Function-Level Configuration
DataStore allows fine-grained control over execution at the function level, including engine selection and Dtype correction.
Function Engine Configuration
Override the execution engine for specific functions.
Setting Function Engines
from chdb.datastore.config import function_config
# Force specific functions to use chdb
function_config.use_chdb('length', 'substring', 'concat')
# Force specific functions to use pandas
function_config.use_pandas('upper', 'lower', 'capitalize')
# Set default preference
function_config.prefer_chdb() # Default to chdb
function_config.prefer_pandas() # Default to pandas
# Reset to auto
function_config.reset()
When to Use
Force chdb for:
- Functions with better ClickHouse performance
- Functions that benefit from SQL optimization
- Large-scale string/datetime operations
Force pandas for:
- Functions with pandas-specific behavior
- When exact pandas compatibility is required
- Custom string operations
Example
from chdb import datastore as pd
from chdb.datastore.config import function_config
# Configure function engines
function_config.use_chdb('length', 'substring')

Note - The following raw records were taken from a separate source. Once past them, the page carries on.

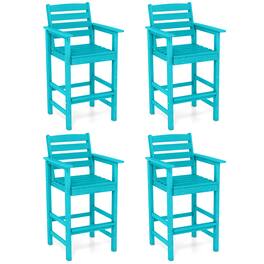 Gymax - Patio Adirondack Bar Chairs Set of 4 w/ Wide Armrests & Footrest Backrest - Green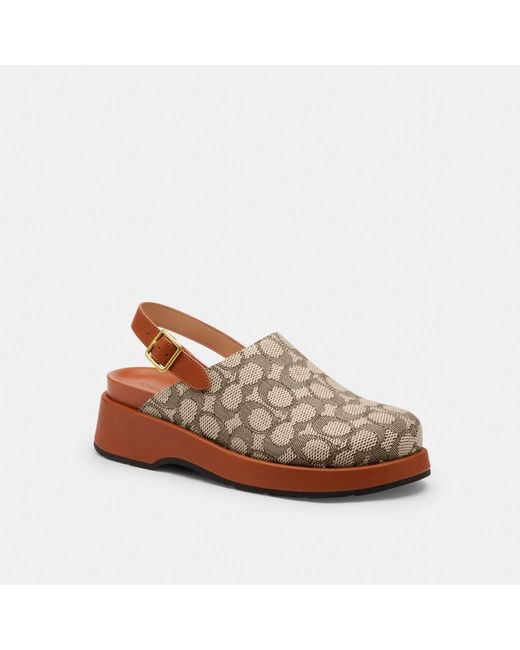 COACH Brown Sculpted C Platform Clog In Signature Textile Jacquard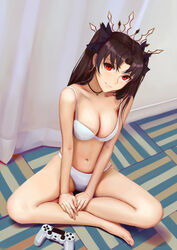  barefoot black_hair black_ribbon bra breasts cleavage closed_mouth commentary crossed_legs curtains earrings fate/grand_order fate_(series) female hair_ribbon highres hoop_earrings indian_style indoors ishtar_(fate) jewelry long_hair long_legs looking_at_viewer medium_breasts navel necklace ocarino on_floor panties parted_bangs playstation_controller red_eyes ribbon sitting smile solo stomach tiara two_side_up underwear underwear_only white_bra white_panties 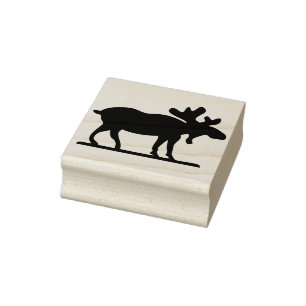 moose silhouette art stamp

function_config.use_pandas('upper')
ds = pd.read_csv("data.csv")
# length() will use chdb
ds['name_len'] = ds['name'].str.len()
# substring() will use chdb
ds['prefix'] = ds['name'].str.slice(0, 3)
# upper() will use pandas
ds['name_upper'] = ds['name'].str.upper()
Overlapping Functions
159+ functions are available in both chdb and pandas engines:
| Category | Functions |
|---|
| String | length, upper, lower, trim, ltrim, rtrim, concat, substring, replace, reverse, contains, startswith, endswith |
| Math | abs, round, floor, ceil, exp, log, log10, sqrt, pow, sin, cos, tan |
| DateTime | year, month, day, hour, minute, second, dayofweek, dayofyear, quarter |
| Aggregation | sum, avg, min, max, count, std, var, median |
For overlapping functions, the engine is selected based on:
- Explicit function configuration (if set)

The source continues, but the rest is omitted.